Medialization of the COR is designed to position the reverse joint center at or near the glenoid bone–implant region, which reduces deleterious shear forces across the glenoid interface.[5] Medialization also increases compressive forces at the bone–glenoid interface, which contributes to a favorable resultant force vector at the joint.[5]

Effects on Scapular Notching

Medialized COR positioning is associated with higher rates of scapular notching in clinical series.[6] In reviews of medialized COR designs, scapular notching incidence has ranged from ~44% to 96% across studies reporting that design strategy.[6]

Effects on External Rotation

Medialized COR designs are associated with reduced external rotation compared with lateralized COR designs.[6] Lateralized COR designs are specifically developed to mitigate the external-rotation limitation seen with traditional medialized COR designs.[6]

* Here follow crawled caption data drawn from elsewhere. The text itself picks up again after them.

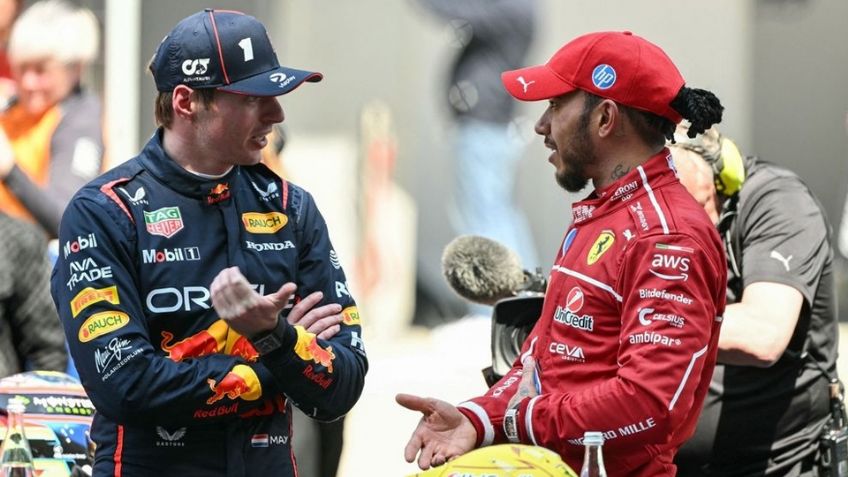 Max Verstappen opina sobre el desempeño de Lewis Hamilton en Ferrari: "No es agradable de ver"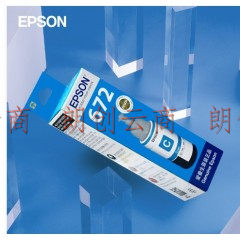 爱普生（EPSON） T672墨水青色
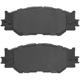 Purchase Top-Quality QUALITY-BUILT - 1000-1178M - Front Disc Brake Pad Set pa2
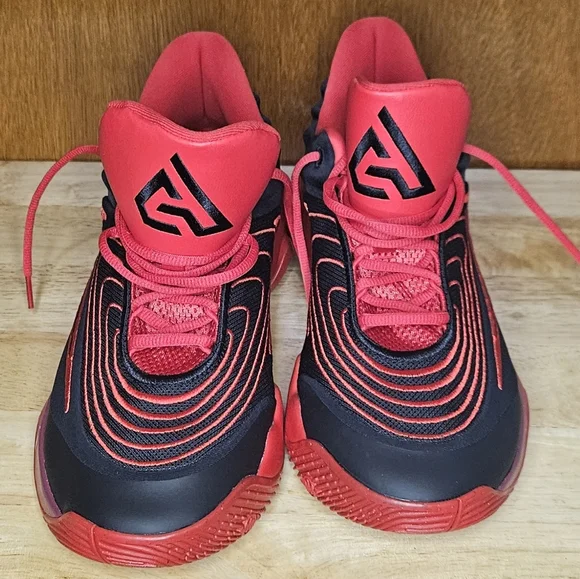 Nike Giannis Immortality 4/Men's Basketball Shoes/ black end red/FQ3680-004 - Picture 7 of 12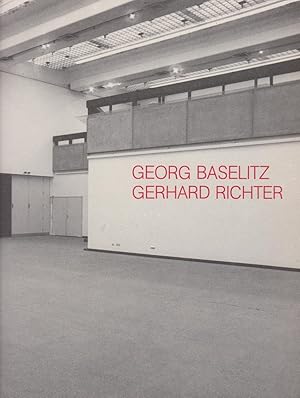 Bild des Verkufers fr Georg Baselitz, Gerhard Richter : Kunsthalle Dsseldorf, 30.5. - 5.7.1981 / [hrsg. von d. Stdt. Kunsthalle, Dsseldorf]. Widmung u. Kommentar von Jrgen Harten zum Verkauf von Licus Media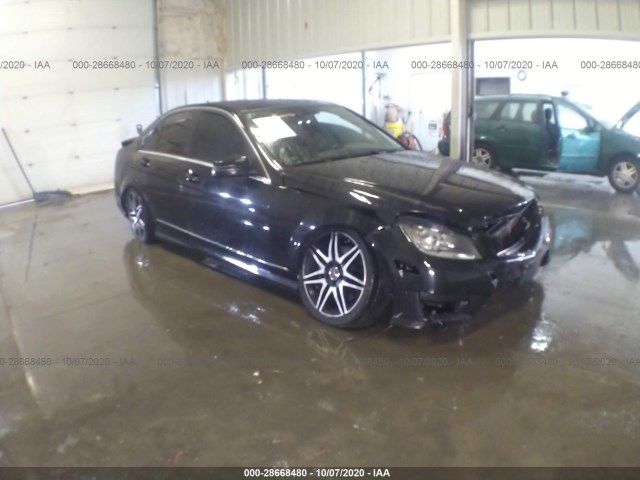 MERCEDES-BENZ C-CLASS 2013 wddgf8ab2dr252884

The medialization magnitude is best framed as a design target from the original Grammont concept, rather than a patient-specific isolated “mm” instruction.[1] A frequently cited target is ~10 mm medialization of the COR in Grammont-style constructs.[1] Traditional medialized COR positioning increases deltoid efficiency and joint stability through altered loading mechanics.[5] Traditional medialized COR positioning increases risk of scapular notching and is associated with worse external-rotation outcomes versus lateralized constructs.[6]